= Beginning of Section =

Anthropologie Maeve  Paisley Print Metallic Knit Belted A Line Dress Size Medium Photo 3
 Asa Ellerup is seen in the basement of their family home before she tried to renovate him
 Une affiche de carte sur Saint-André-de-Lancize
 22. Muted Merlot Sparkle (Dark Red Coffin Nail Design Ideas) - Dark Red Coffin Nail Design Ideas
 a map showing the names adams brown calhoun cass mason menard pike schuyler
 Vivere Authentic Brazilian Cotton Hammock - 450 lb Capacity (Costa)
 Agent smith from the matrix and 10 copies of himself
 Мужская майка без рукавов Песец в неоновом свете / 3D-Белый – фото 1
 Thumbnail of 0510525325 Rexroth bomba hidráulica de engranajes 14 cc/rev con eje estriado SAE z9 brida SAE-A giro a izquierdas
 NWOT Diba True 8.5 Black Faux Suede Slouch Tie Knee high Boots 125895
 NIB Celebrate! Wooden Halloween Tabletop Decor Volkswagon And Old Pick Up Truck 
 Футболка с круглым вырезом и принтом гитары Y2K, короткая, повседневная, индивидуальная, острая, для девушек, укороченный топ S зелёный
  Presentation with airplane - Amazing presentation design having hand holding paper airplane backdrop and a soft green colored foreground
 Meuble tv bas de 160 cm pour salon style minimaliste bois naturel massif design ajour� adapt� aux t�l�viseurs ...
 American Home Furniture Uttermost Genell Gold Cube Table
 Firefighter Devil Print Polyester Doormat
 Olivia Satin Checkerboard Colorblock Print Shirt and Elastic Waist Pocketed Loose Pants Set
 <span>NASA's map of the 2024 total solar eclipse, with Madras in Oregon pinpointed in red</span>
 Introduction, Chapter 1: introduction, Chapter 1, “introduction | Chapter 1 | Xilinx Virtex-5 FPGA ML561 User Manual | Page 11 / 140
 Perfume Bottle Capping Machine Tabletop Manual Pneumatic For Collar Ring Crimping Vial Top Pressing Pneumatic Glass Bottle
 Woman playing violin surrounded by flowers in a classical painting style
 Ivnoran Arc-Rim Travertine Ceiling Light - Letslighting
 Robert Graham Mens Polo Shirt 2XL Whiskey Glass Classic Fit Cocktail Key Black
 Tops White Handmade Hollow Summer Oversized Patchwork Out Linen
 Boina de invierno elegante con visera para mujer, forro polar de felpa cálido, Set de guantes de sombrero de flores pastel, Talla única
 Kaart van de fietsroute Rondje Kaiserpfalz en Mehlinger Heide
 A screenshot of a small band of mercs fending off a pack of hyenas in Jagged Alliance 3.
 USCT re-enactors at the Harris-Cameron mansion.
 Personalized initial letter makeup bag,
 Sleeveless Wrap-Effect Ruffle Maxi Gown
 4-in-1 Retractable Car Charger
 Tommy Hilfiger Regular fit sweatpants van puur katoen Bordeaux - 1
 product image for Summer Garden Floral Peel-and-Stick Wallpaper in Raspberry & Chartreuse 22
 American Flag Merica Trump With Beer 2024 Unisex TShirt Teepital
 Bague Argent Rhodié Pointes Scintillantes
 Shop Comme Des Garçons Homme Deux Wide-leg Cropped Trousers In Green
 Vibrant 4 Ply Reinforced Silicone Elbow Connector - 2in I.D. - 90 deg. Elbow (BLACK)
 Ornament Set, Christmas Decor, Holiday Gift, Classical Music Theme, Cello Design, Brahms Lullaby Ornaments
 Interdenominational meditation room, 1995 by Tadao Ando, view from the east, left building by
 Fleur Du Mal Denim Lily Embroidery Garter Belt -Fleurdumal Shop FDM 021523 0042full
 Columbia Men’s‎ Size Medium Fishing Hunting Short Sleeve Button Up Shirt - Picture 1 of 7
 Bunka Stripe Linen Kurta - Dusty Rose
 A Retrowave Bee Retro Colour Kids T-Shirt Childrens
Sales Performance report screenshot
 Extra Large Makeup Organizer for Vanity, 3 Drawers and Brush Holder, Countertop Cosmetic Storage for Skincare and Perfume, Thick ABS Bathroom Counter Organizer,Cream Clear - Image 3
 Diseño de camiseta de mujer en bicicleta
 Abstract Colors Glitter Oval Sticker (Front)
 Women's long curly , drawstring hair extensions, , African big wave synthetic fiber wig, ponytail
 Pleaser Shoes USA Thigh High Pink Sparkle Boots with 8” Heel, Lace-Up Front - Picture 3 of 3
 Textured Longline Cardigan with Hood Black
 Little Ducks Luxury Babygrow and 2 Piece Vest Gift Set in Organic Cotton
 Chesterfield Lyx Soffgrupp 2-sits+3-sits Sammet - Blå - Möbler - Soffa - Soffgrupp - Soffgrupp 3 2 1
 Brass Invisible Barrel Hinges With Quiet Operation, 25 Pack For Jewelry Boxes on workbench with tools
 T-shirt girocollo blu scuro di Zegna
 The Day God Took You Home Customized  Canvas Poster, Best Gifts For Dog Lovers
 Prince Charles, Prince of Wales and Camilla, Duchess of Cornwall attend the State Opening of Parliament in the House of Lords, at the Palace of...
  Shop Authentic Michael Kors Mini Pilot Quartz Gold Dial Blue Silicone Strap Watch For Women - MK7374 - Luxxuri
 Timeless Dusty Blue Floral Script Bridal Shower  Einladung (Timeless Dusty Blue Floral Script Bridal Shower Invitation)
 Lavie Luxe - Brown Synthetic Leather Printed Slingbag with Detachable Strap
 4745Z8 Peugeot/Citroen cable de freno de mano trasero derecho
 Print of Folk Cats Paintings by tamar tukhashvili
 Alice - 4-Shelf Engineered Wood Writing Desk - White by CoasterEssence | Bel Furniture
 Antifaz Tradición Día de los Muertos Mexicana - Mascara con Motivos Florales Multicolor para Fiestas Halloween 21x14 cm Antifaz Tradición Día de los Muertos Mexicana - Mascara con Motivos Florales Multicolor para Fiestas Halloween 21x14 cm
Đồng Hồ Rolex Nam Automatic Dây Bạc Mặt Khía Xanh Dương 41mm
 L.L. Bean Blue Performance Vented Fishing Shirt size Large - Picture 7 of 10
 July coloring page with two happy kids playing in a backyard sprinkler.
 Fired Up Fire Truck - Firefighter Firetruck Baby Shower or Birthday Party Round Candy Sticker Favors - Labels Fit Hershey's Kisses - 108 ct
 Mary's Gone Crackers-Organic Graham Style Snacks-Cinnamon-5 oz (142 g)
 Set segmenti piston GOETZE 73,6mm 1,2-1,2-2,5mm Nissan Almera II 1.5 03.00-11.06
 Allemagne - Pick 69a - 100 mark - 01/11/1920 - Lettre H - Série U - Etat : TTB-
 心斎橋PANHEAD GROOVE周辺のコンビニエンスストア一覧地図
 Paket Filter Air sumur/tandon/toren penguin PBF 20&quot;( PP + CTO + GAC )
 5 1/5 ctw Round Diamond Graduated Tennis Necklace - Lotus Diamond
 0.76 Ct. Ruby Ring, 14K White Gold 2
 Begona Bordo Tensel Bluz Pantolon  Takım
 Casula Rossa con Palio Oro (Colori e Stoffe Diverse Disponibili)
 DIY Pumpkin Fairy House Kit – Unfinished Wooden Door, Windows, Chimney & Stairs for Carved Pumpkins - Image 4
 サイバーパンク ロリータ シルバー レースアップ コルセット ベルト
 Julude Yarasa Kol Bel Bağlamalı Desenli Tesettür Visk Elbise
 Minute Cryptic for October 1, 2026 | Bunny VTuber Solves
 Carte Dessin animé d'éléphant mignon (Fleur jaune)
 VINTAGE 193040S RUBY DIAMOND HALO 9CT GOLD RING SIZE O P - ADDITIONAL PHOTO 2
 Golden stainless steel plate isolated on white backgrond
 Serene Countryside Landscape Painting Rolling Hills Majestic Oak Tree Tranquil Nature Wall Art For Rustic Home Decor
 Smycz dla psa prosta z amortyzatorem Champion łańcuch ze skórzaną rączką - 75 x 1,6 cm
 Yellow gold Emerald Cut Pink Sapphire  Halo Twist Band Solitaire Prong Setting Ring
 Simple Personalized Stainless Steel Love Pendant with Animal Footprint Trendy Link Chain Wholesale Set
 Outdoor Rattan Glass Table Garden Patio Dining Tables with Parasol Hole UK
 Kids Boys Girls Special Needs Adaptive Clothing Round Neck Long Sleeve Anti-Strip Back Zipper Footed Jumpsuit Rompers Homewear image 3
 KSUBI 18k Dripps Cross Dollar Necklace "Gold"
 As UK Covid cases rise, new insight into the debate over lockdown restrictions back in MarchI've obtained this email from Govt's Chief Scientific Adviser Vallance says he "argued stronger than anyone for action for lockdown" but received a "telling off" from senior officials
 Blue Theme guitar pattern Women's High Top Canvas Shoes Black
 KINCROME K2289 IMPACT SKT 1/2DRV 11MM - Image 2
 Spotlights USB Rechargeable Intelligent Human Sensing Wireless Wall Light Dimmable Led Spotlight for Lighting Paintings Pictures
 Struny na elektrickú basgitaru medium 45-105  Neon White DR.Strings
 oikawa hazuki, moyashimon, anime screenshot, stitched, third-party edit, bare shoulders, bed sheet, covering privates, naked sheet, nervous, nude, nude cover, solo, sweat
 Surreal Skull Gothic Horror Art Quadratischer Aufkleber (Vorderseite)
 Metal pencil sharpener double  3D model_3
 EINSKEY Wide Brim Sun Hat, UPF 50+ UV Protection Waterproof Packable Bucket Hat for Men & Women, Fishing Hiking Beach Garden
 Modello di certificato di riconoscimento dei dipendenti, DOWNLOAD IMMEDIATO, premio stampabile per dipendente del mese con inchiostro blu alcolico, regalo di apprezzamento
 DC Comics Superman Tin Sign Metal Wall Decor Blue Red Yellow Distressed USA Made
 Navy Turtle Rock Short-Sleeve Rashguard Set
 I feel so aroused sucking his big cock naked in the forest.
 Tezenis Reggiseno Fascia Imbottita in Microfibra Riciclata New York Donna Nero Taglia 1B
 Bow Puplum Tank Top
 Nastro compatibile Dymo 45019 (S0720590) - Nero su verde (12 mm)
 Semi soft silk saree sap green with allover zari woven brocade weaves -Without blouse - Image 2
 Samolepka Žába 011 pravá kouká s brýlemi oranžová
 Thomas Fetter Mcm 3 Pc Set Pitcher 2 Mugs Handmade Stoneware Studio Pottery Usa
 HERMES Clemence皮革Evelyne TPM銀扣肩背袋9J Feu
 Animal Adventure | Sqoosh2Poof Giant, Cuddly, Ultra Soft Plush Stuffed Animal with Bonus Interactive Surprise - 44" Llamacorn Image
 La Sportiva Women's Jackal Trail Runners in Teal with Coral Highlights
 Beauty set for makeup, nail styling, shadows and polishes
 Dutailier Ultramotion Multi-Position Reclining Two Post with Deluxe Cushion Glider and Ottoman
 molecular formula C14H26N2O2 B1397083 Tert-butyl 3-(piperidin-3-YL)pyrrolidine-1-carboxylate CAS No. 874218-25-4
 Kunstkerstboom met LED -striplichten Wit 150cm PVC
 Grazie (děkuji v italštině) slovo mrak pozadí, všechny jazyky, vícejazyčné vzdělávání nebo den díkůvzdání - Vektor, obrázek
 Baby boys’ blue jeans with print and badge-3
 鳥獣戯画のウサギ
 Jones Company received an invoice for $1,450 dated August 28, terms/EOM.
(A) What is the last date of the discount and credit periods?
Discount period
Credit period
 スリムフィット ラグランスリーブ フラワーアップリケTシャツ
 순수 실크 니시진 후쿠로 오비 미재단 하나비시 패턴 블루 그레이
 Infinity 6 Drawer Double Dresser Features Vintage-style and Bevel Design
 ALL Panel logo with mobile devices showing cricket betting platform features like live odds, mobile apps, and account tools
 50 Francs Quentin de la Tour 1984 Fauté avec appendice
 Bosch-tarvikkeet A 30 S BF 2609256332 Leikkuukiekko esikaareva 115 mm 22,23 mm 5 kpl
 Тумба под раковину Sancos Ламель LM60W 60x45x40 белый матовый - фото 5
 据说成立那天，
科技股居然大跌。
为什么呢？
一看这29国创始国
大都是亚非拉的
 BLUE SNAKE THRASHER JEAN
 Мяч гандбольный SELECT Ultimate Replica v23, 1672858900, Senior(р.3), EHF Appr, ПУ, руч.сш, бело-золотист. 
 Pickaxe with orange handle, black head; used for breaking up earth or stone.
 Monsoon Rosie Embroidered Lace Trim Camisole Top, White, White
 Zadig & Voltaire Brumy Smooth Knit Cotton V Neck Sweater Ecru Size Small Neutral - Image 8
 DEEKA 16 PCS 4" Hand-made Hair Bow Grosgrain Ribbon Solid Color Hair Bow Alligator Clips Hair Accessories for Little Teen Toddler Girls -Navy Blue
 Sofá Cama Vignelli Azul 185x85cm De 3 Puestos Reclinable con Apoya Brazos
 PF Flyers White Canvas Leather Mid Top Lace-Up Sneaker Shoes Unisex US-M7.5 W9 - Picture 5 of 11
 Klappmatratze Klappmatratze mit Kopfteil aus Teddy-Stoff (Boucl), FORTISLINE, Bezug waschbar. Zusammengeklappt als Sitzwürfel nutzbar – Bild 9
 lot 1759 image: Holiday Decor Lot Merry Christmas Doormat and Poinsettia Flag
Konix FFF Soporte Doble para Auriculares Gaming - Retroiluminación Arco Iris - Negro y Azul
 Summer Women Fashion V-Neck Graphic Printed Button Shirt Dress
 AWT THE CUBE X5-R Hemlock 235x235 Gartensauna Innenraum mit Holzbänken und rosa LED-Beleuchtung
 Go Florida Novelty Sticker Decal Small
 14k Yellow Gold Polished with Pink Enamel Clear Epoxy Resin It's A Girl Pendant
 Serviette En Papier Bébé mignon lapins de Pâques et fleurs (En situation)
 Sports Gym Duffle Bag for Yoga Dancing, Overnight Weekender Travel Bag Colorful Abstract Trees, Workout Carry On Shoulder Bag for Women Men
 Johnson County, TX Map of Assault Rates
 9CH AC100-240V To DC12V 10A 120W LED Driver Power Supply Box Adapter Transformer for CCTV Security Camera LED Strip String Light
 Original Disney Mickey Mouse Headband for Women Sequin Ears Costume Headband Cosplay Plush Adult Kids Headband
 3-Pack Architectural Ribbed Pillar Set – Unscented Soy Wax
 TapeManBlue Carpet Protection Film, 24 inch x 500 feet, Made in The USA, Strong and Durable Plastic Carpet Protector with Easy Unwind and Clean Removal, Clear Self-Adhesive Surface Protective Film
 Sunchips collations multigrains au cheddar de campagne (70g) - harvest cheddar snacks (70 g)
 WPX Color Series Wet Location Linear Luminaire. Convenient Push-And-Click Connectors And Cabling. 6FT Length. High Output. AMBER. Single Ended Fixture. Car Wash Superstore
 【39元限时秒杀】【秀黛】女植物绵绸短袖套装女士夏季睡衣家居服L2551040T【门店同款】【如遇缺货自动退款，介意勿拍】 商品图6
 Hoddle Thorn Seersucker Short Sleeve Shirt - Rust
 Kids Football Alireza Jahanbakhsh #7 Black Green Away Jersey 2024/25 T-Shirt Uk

= End of Section =

→ Exercise aim:
Everything from the line with "Women's long curly" through the line with "The Day God" in the listing above must be retyped exactly, with nothing added.

→ Exercise solution:
 Women's long curly , drawstring hair extensions, , African big wave synthetic fiber wig, ponytail
 Pleaser Shoes USA Thigh High Pink Sparkle Boots with 8” Heel, Lace-Up Front - Picture 3 of 3
 Textured Longline Cardigan with Hood Black
 Little Ducks Luxury Babygrow and 2 Piece Vest Gift Set in Organic Cotton
 Chesterfield Lyx Soffgrupp 2-sits+3-sits Sammet - Blå - Möbler - Soffa - Soffgrupp - Soffgrupp 3 2 1
 Brass Invisible Barrel Hinges With Quiet Operation, 25 Pack For Jewelry Boxes on workbench with tools
 T-shirt girocollo blu scuro di Zegna
 The Day God Took You Home Customized  Canvas Poster, Best Gifts For Dog Lovers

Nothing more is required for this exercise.